There is a rub though...trying to find your way around! The Palouse is an intricate maze of one lane farm roads and small rural country lanes that completely dissect this entire region. Many of the roads are named after the farmer who owns the house at the end, or perhaps a blend of names of multiple farmers. If you don't know the area, it would be easy to get lost, and the chances of finding those gems to photograph would be nearly impossible.
That's where we come in. Aperture Academy instructors Brian Rueb and Scott Donschikowski have travelled the roads, and mapped out the best locations and things to see, and combined it with a love of teaching to help ensure that a group of 12 eager photographers can travel to the Palouse, and come away with some truly remarkable images of this community!

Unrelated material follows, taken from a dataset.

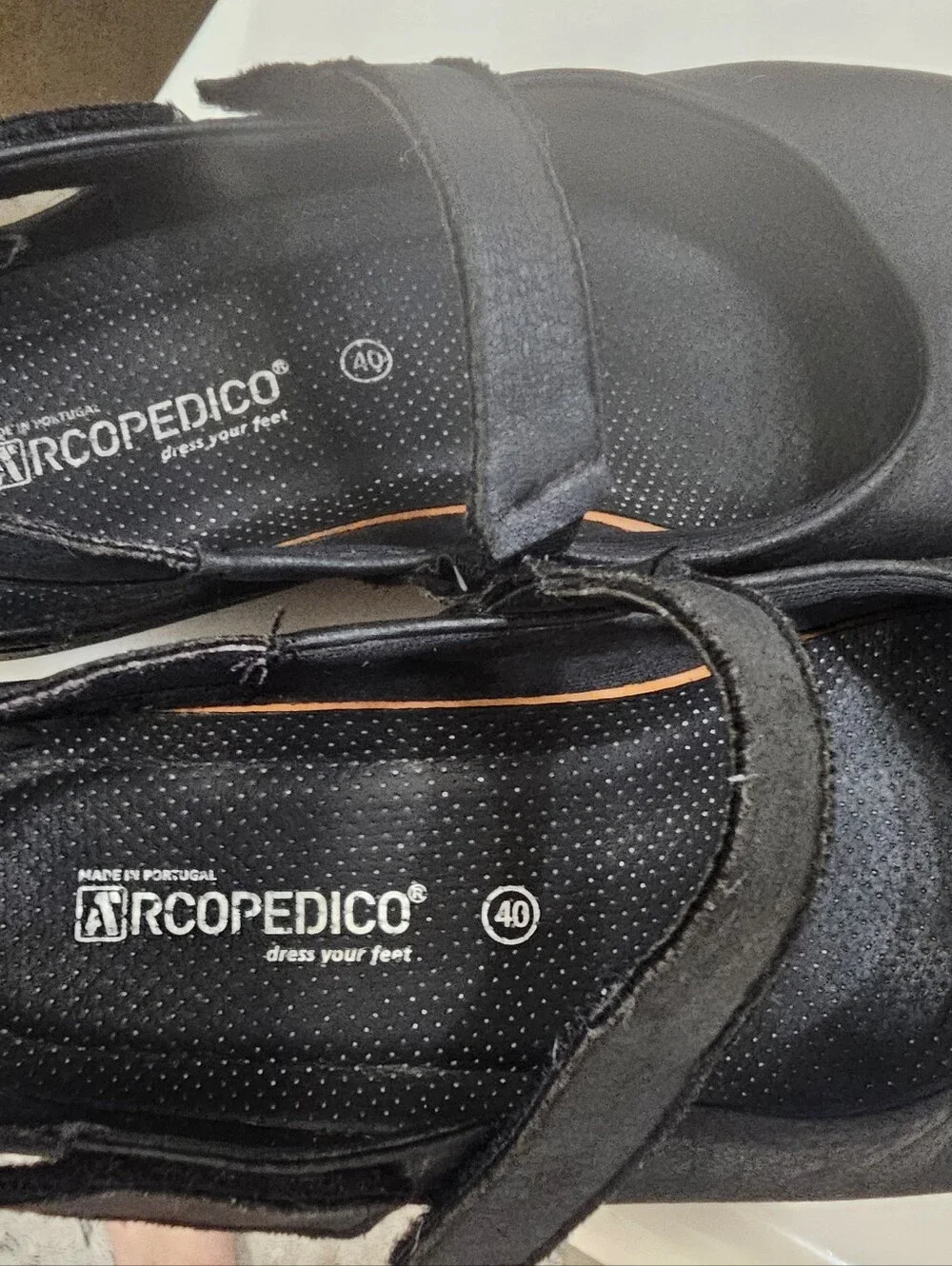 Arcopedico Black Velcro Mary Jane Flats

Friday evening after our customary "meet and greet" orientation for our Palouse workshop, we turned the class loose to go get a start on their photo-filled weekend with an impromptu shoot at the iconic Steptoe Butte State Park. This butte juts out of the countryside like a tower that just begs photographers to go to the top, where they will have a birds-eye view of the surrounding countryside as the first and last light of the day bathes the rolling hills and turns them into photographic gold.
:: DAY 1 ::
It was great to get the class out early, and familiarize them with the area, because Steptoe was the first spot we took them to on the following morning, for the "official" start of the workshop.

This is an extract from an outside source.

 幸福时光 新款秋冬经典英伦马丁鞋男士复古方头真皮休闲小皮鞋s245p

Thirty-seven degrees and driving winds greeted our class as we arrived atop the hill after our lovely 3:45 am departure time. Brian and Scott spread the class out and helped them compositionally work on closer shots to capture the available light streaking through the clouds and lighting up the landscape.

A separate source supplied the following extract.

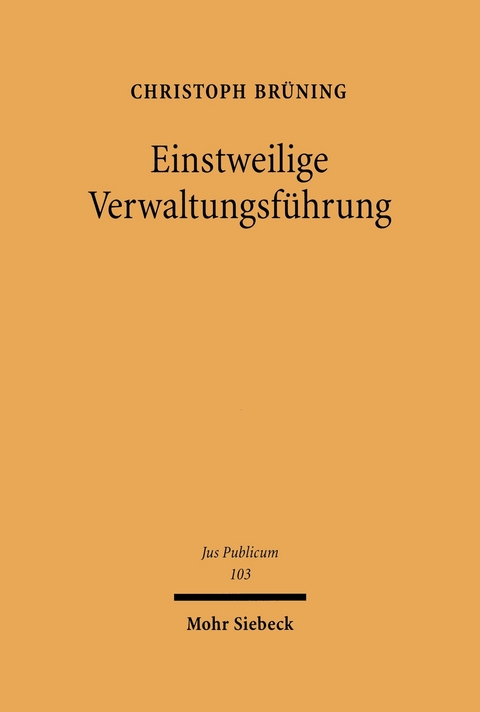 Einstweilige Verwaltungsführung -  Christoph Brüning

The weather in the Palouse is temperamental in the late spring, and it was evident with the off and on rain, wind and cold present on this June morning. Brian and Scott worked with the students to use higher ISO and faster shutter speeds to help capture the best shots with the wind that was vibrating the longer lenses attached to the cameras as we stretched out to focus more on the details of the area, as opposed to the area as a whole. Our group was tough, and we made the best of the situation. However, the cold eventually could no longer be ignored, and the entire class was ready to retreat to the valley below for warmer temperatures... and new subjects.
We drove a small dirt road that took us by several local farms. These farms had seen their fair share of better times, and hard winters. Many of the barns in this region are on their way out, and each year brings a new twist to the workshop as some barns have finally succumbed to the driving winds and harsh winters that bury this area every year. While on these side roads, Scott and Brian worked with the class on their compositional skills as they stopped every 10-15 minutes to find another old piece of Americana, AKA another old barn.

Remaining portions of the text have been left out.